Blood Orange Olive Oil Loaf
This super-moist Blood Orange Pound Cake takes just minutes to put together, once you squeeze the juice and zest the orange and lemon. You can eat the cake without a glaze, or choose the juice syrup glaze or a thick pink glaze. The juice glaze will help crisp up the crust of the cake, but the pink glaze is so beautiful. It’s a tough decision!

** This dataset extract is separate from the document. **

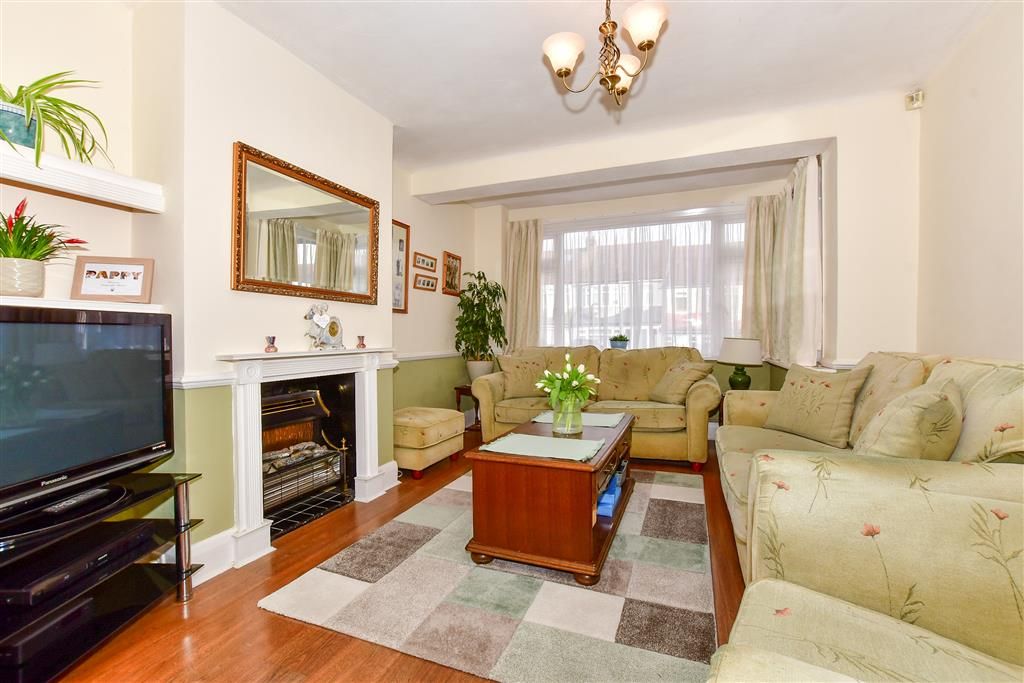 4 bed terraced house for sale in Castlemaine Avenue, Gillingham, Kent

Special Equipment needed: 9×5 Loaf Pan
- Prep Time: 15-20 min
- Cook Time: 65-75 min
- Total Time: 80-95 min
- Yield: 1 Loaf Cake 1x
- Category: Cakes
- Method: Baking
- Cuisine: American
For the Cake:
- 2 c (240g) All-Purpose Flour
- 1 T (12g) Baking Powder
- 1/2 t Kosher Salt
- 3 lg Eggs
- 1 c (198g) Granulated Sugar
- 1 c (240ml) Olive Oil (any type)
- 1/2 c (120ml) Plain Yogurt (dilute 1/3 cup with water or milk if using Greek yogurt)
- 1/4 c (60ml) Orange-Flavored Liqueur, such as Cointreau or Grand Marnier
- 1 T Grated Lemon Zest
- 1 T Grated Blood Orange Zest
- 1/3 c (80 ml) Fresh-squeezed Blood Orange Juice
For a Brush-on Glaze:
- 1/4 c (60 ml) Fresh-squeezed Blood Orange juice
- 1/4 c (49g) Granulated Sugar
For a Pink Frosting-like Glaze
- 1/4 c (60 ml) Fresh-squeezed Blood Orange juice
- 1 c Confectioners’ sugar
- 1/4 t salt, or more, to taste (I added a pinch more than 1/4 t)

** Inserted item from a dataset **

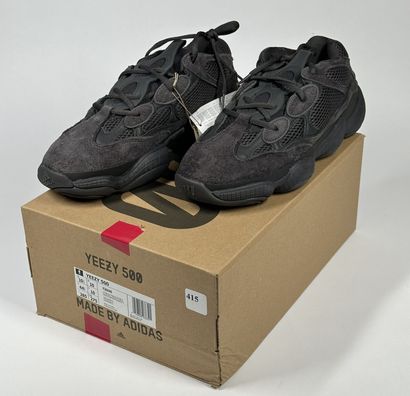 ADIDAS / YEEZY
A pair of low-top sneakers,
Model:...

- milk (Or your chosen liqueur), to thin, if desired or needed
Preheat oven to 325F for Conventional Oven, 315F for Convection/Fan. Prepare a loaf pan by spraying with baking spray, or butter, or lining with parchment and spraying.
Mix the Ingredients
- In a medium bowl, whisk together the flour, baking powder, and salt.
- In a large bowl, whisk together the eggs and sugar. Then whisk in olive oil, yogurt, liqueur, lemon zest, orange zest, and orange juice.
- Add the dry ingredients to the wet ingredients, whisk to combine. Batter will be thin.
- Pour the batter into the prepared pan and bake in preheated oven for 60-70 minutes, until a tester comes out clean. The best way to tell it’s done, is that you can really smell the aroma just before it is completely done. Cool cake in pan on a rack for 5-10 minutes, then flip out onto a wire rack, turn upright to cool.
If using brush-on Glaze:
- Mix the sugar and orange juice together until sugar is dissolved. Brush on warm cake. Allow to cool before serving.
If Making Pink Glaze:
- Mix the Confectioners’ Sugar, juice, and salt together. Thin with a little milk if desired. Pour over cooled loaf. If you would like the glaze to firm up, wait an hour or so prior to serving, and it will firm up nicely.